É uma situação confortável, essa da torcida, a menos que seu time esteja ameaçado de cair para a segunda (ou terceira) divisão – e, nesses casos, o torcedor é obrigado a replicar a dolorosa situação do nascituro ao descobrir que nem no útero da própria mãe está a salvo de alguma ordem de despejo.

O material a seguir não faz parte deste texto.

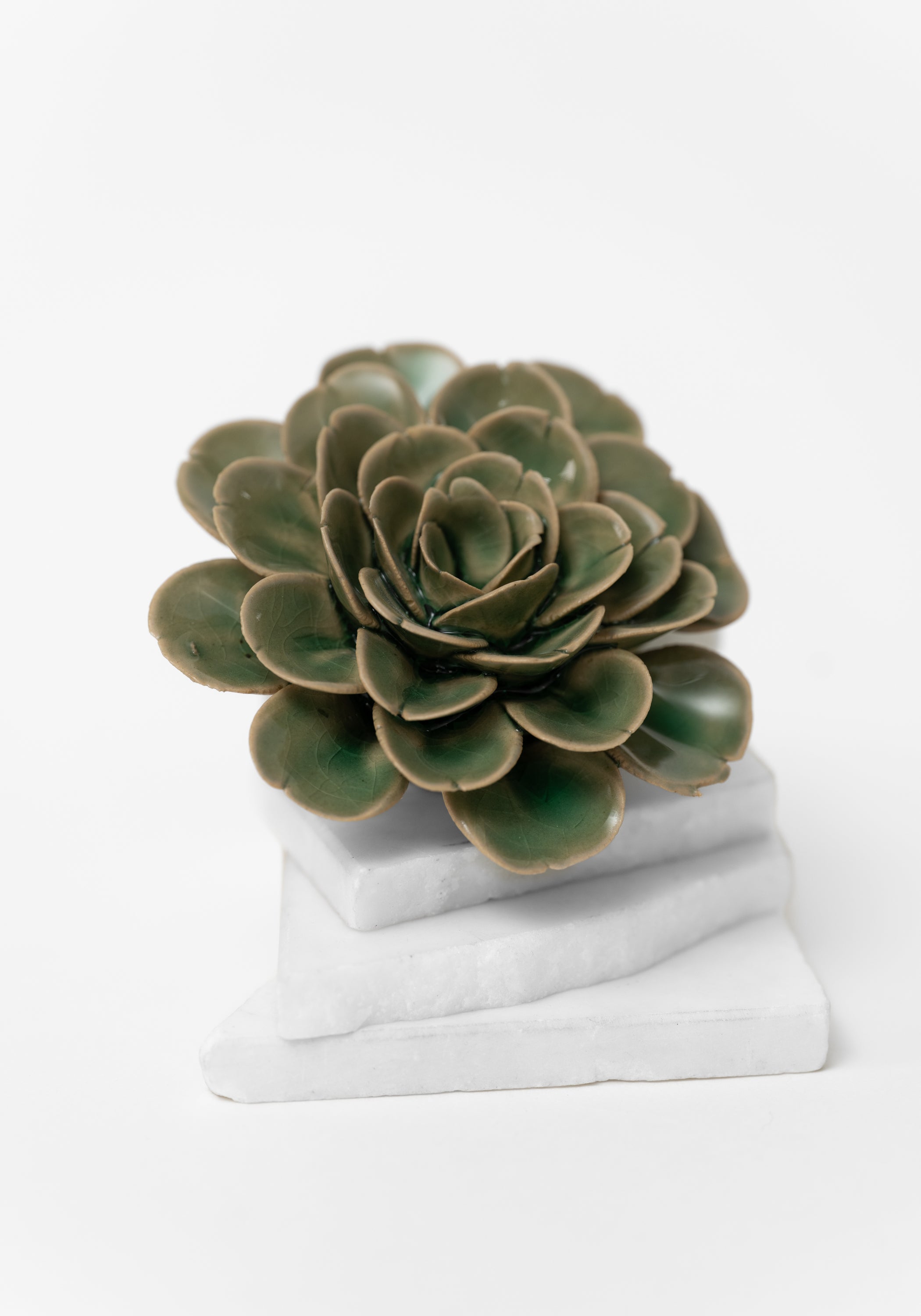 Green Ceramic Tea Rose Wall Art - December Thieves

Mas, nos momentos em que os cartolas, os técnicos, os adversários ou os malditos pernas de pau do time não atrapalham, o torcedor pode sentir-se entregue à divina tarefa de viver, simplesmente, a existência gozosa de um desejado ser humano em gestação, absorvendo o que quer que entre por seu cordão umbilical e deixando que alguma força superior se encarregue dos dejetos, assim como os torcedores imaginam que algum misterioso ser sobrenatural deve limpar a porcalhada deixada por eles nos estádios.
E enquanto a avassaladora parcela da população se deixa levar pela onda religiosa da Copa, movida por não sei quais pulsões sociológicas, antropológicas ou psicológicas (em alguns casos psiquiátricas), o não-torcedor, esse pobre pária, é um herege que se arrisca a todo momento por caminhos repletos de fiéis em estado de exaltação. O ateu, o sujeito que não torce, reza mais que o William Bonner para ver a Fátima Bernardes logo de volta para casa, porque o regresso da moça acompanhará o fim desse purgatório, representará a redenção da minoria oprimida que não aguenta mais tomar café da manhã tendo à frente a careca do Escobar, aquele repórter esportivo gente boa do Bom Dia Brasil.
E, olhando pelo lado fanático da coisa, uma volta antecipada da seleção será o fim da carreira de Dunga como técnico. Não é isso, afinal, o que toda a torcida deseja, caramba? Ou não peguei mesmo o espírito da coisa?